[EXERCISE AIM] Your job is to return each record exactly, minus any pictures.

===== DATA FOR REVIEW =====

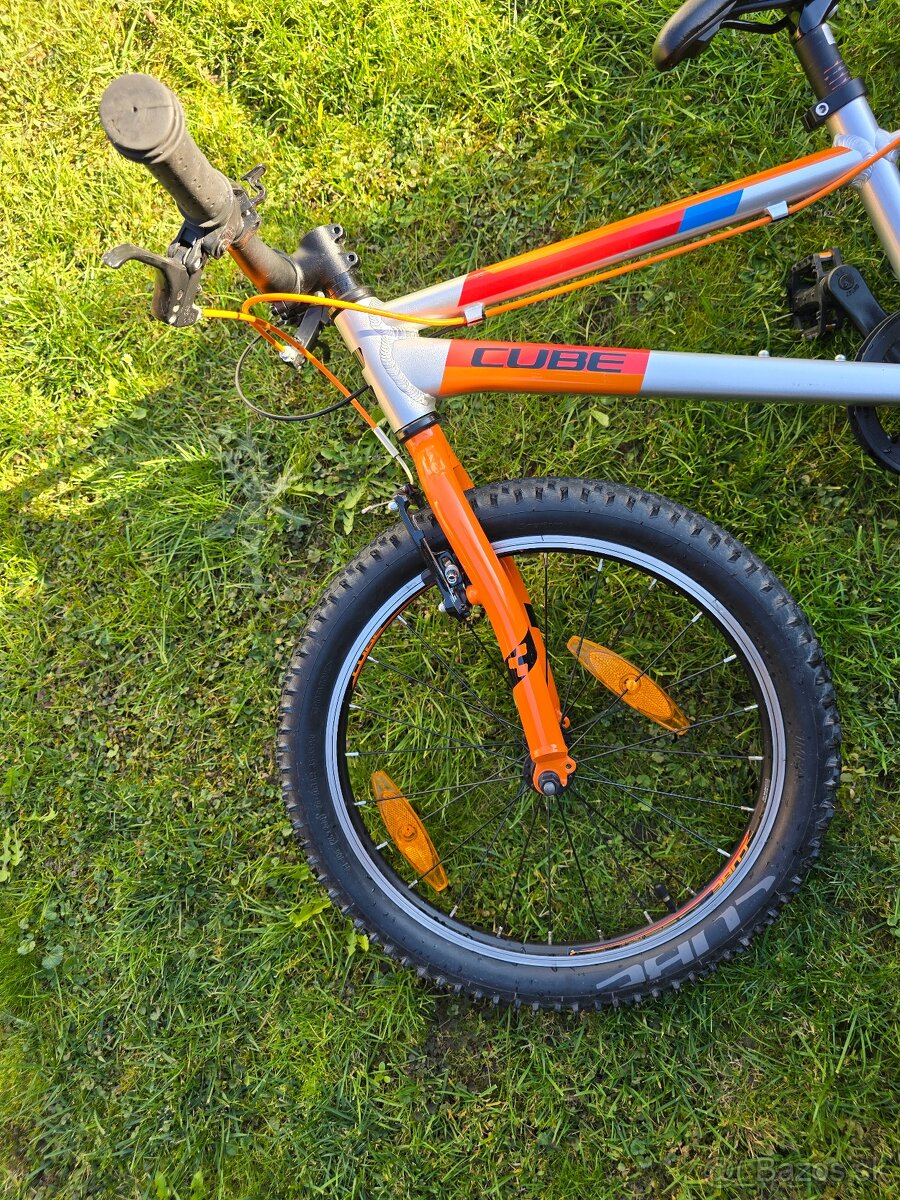 Predam detsky 20" bicykel Cube ACID 200 Actionteam - 14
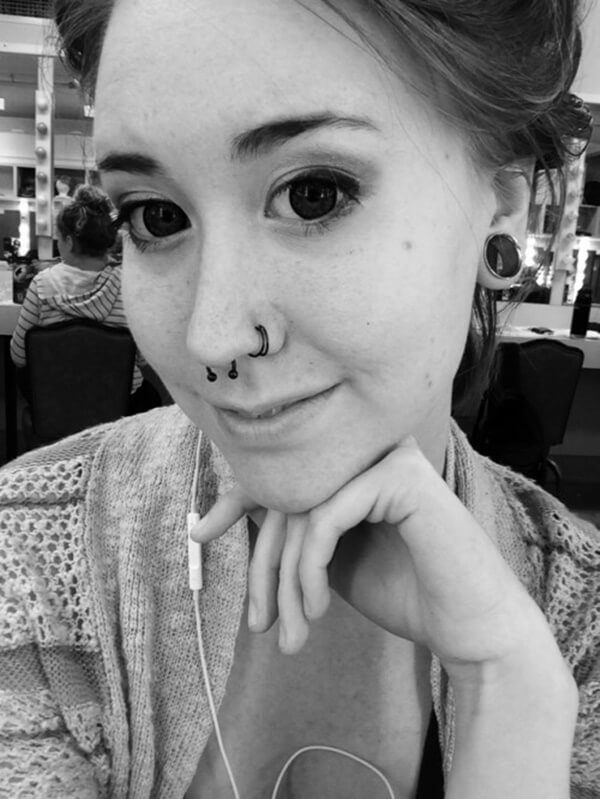 Double Nose Piercing (65)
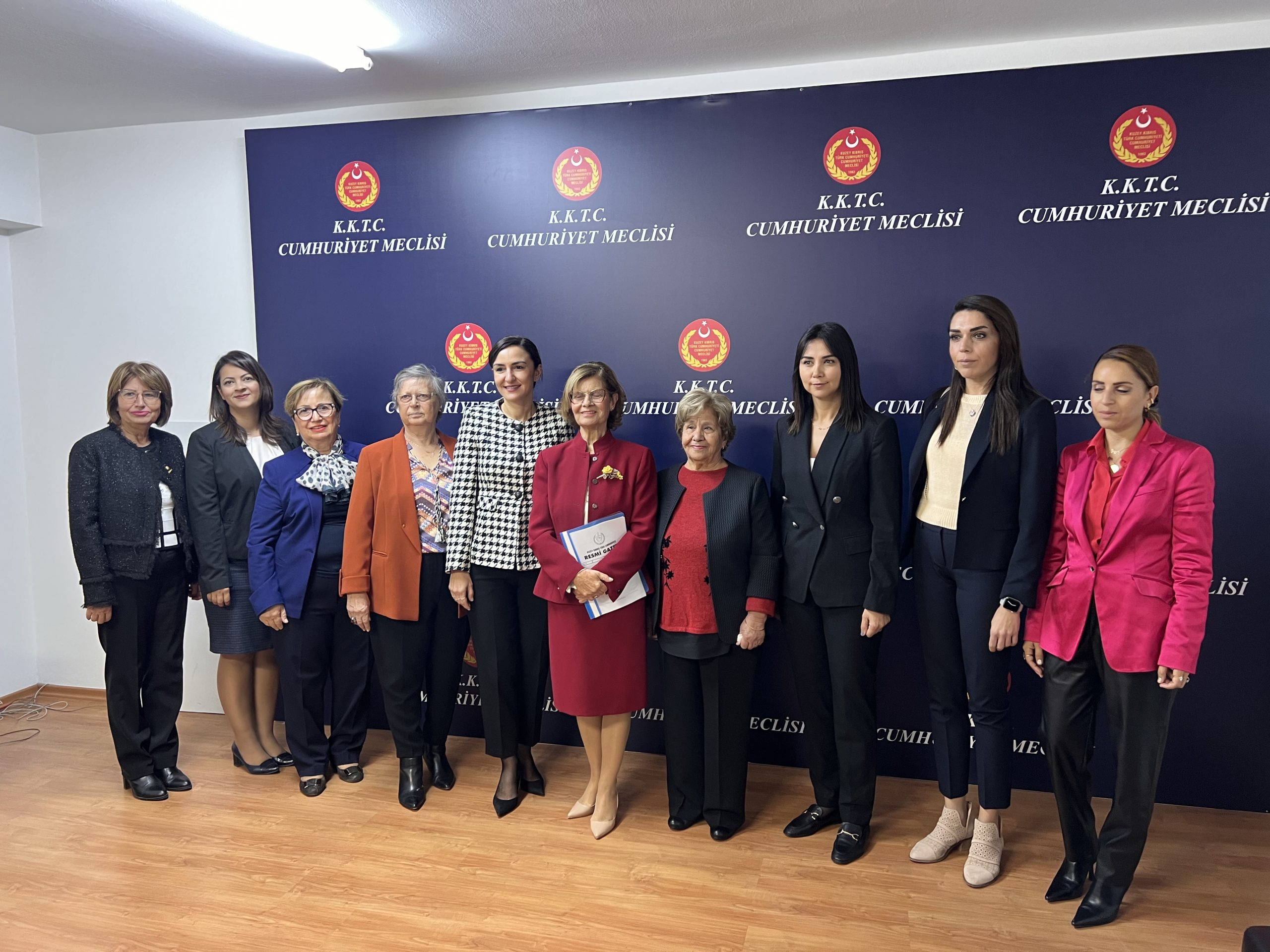 Ev İçi Şiddet Yasa Önerisi yeniden Meclis’e sunuldu
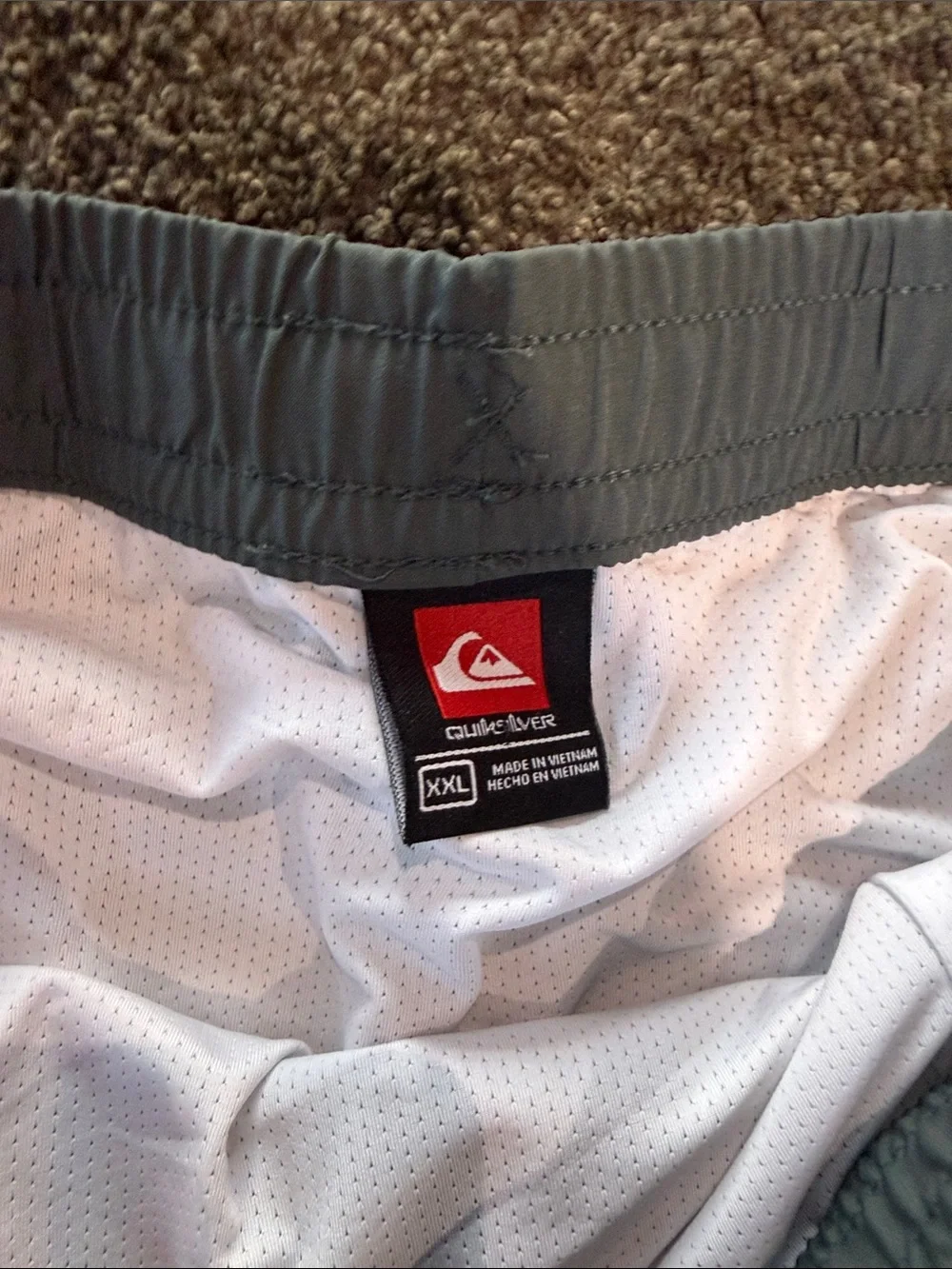 Quiksilver light sage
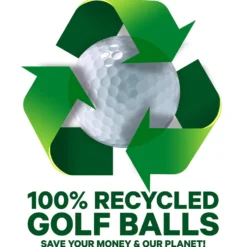 Miks Farger 20stk Golfballer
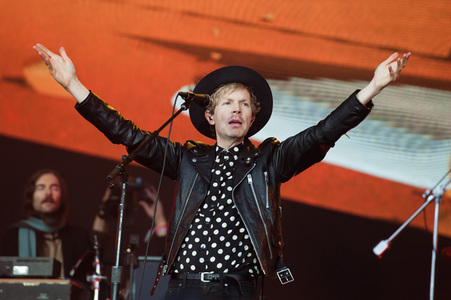 Glastonbury Festival 2016 in Pilton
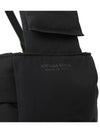 Acro Padded Large Tote Bag Black - BOTTEGA VENETA - BALAAN 8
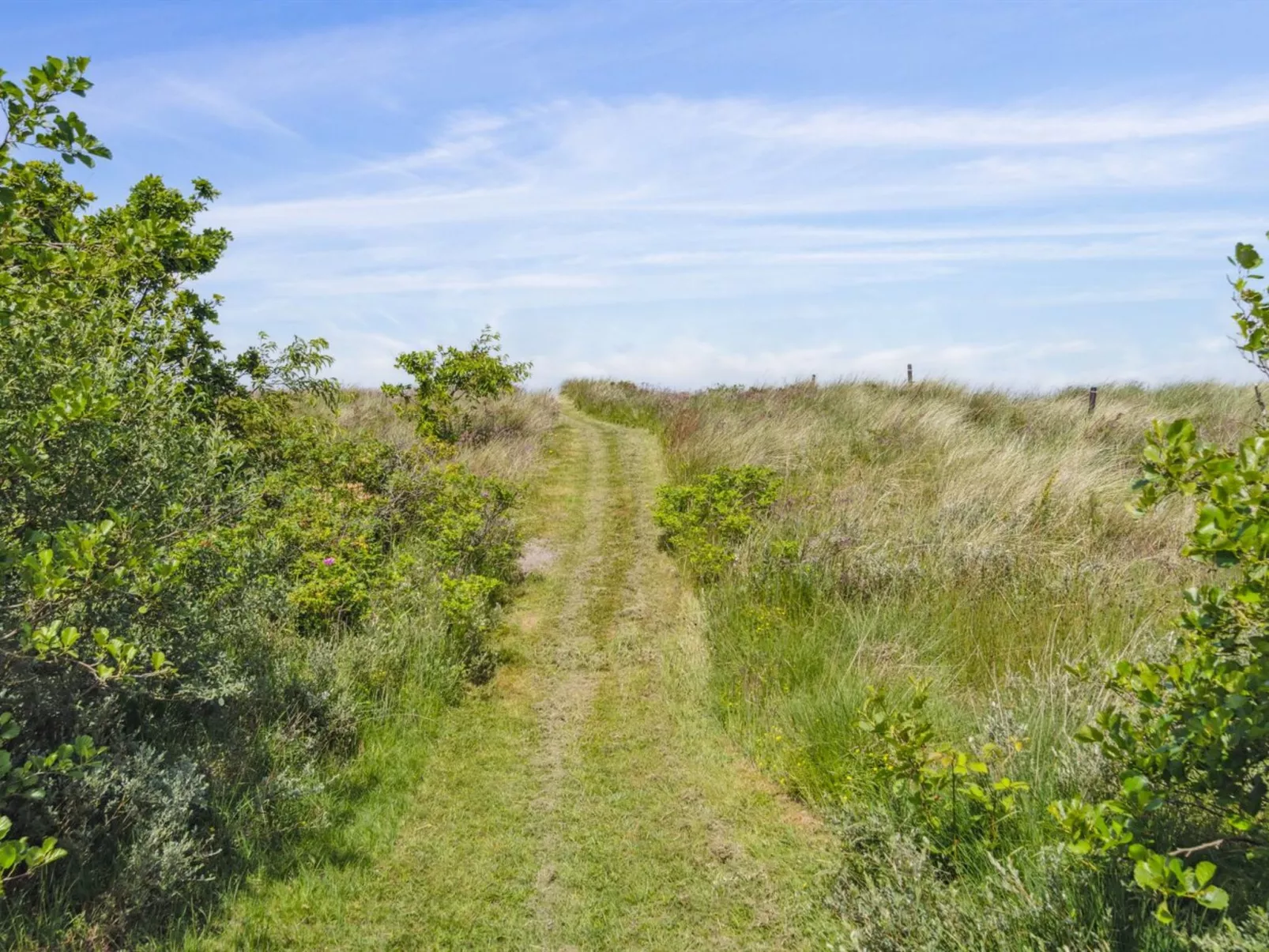 "Hunlef" - 1.7km from the sea-Buiten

=====

[EXPECTED ANSWER]
 Predam detsky 20" bicykel Cube ACID 200 Actionteam - 14
 Double Nose Piercing (65)
 Ev İçi Şiddet Yasa Önerisi yeniden Meclis’e sunuldu
 Quiksilver light sage
 Miks Farger 20stk Golfballer
 Glastonbury Festival 2016 in Pilton
 Acro Padded Large Tote Bag Black - BOTTEGA VENETA - BALAAN 8
 "Hunlef" - 1.7km from the sea-Buiten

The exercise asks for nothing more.